To use an analogy, it's like pruning a tree. In the short term, the tree is smaller, because you've cut back in some areas. But those cut backs are necessary to stimulate growth in the long term. Without those cuts, the tree won't grow as large and may even die.
Let's also use automobiles as a historical example. Before cars, people still needed transportation. They just used horses and buggies. As cars replaced the horse and buggy, the horse and buggy manufactures were hurt. Consumers no longer needed their product (at least not on such a large scale). Employees lost jobs. Large businesses closed or were forced to retool. This is the kind of economic reordering that happens everyday in the free market. And for consumers, it's good that this happens.
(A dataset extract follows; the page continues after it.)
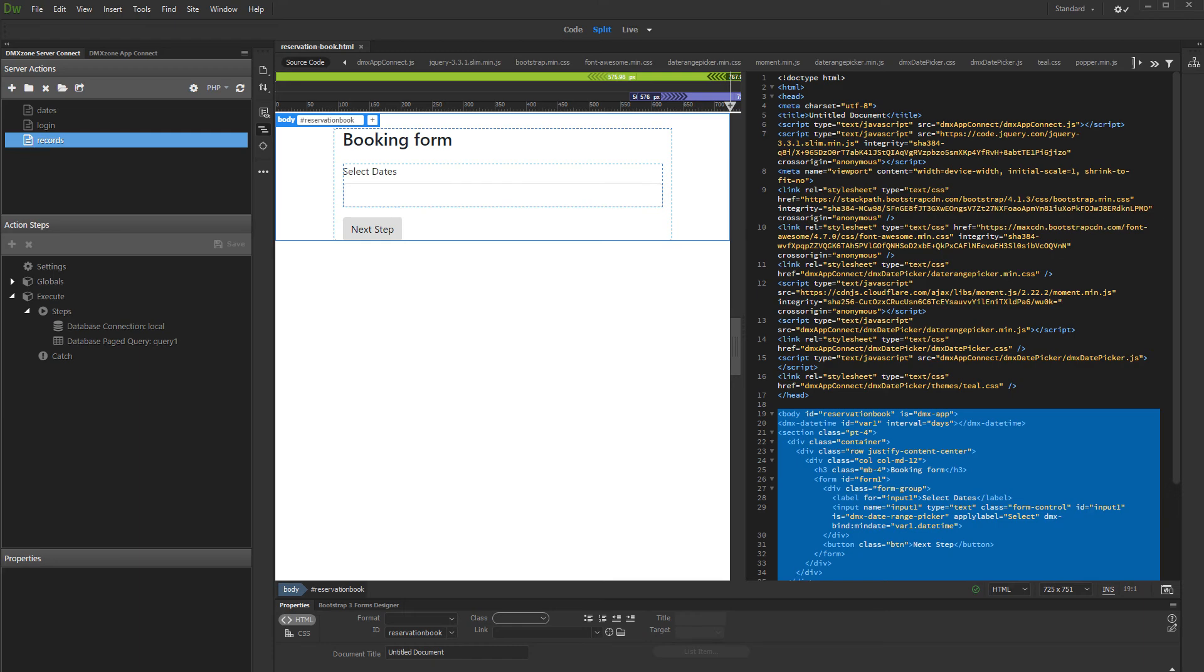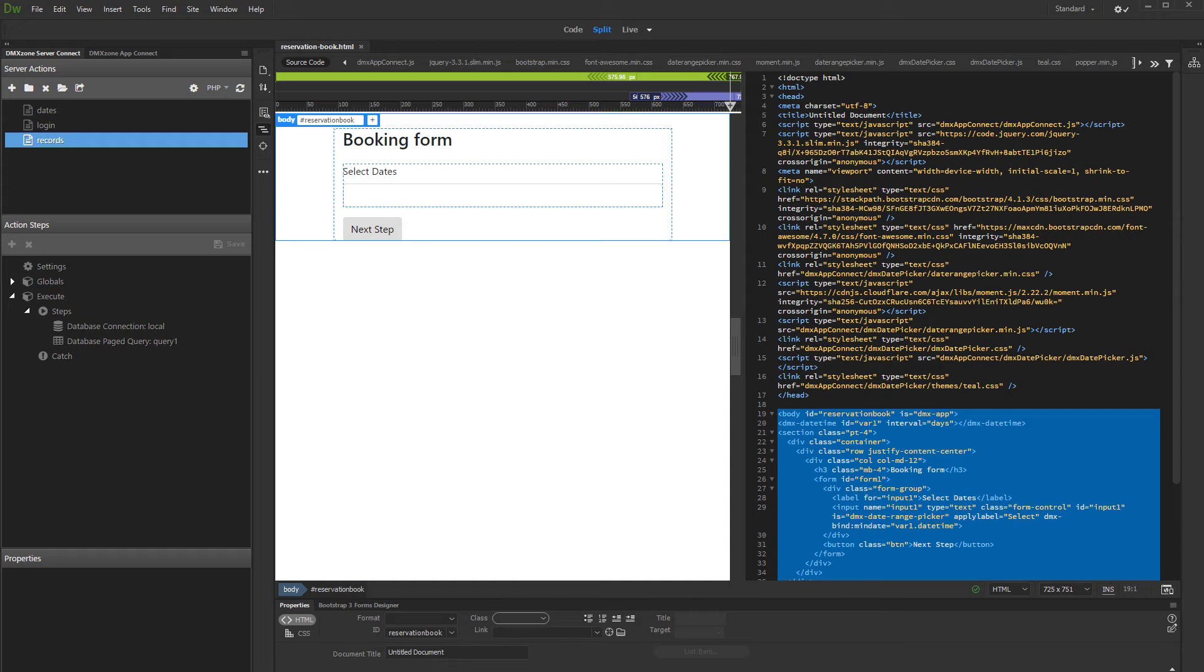In this tutorial we will show you how to retrieve dates from your database and show them as invalid or disabled dates in the date picker or date range picker. That's a useful feature if you build a reservation calendar and want to show all the booked periods or dates for your property.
Unfortunately, the government often prevents the necessary corrections from happening.
While it's good for consumers in the long run for recessions and corrections to happen, economic downturns can be painful in the present. And politicians, citing misguided economic theories, are eager to look like they're doing something to help. Politicians offer bailouts and stimulus packages that they claim will jumpstart the economy and decrease unemployment.
While stimulus packages, bailouts and creating bubble markets may work in the short term, they do not create sustainable economic growth. This is because scarce resources are not transferred from low-value products to high-value ones, as explained above.
Politicians or the Federal Reserve guided by Keynesian economics, pay little attention to the idea of long-term consequences. Unfortunately, for politicians this often makes sense for selfish reasons. Politicians want to get re-elected. By the time long-term consequences hit, it is likely a different politician will have to take the unpopular steps to deal with the mess they have created. Ironically, the politicians who actually created the mess may be remembered fondly for the good times they oversaw. The Federal Reserve faces political pressure to make sure the economy keeps going strong.
Because politicians and the Federal Reserve bowed to the political pressure in 2002 to improve things in the short run, we are now suffering the long-run economic consequences.
The stimulus bill and bailouts are simply a doubling down on our past mistakes. We must let individuals in the market shift scarce resources from low-value products to high-value ones, or our long-term economic growth will continue to be stunted.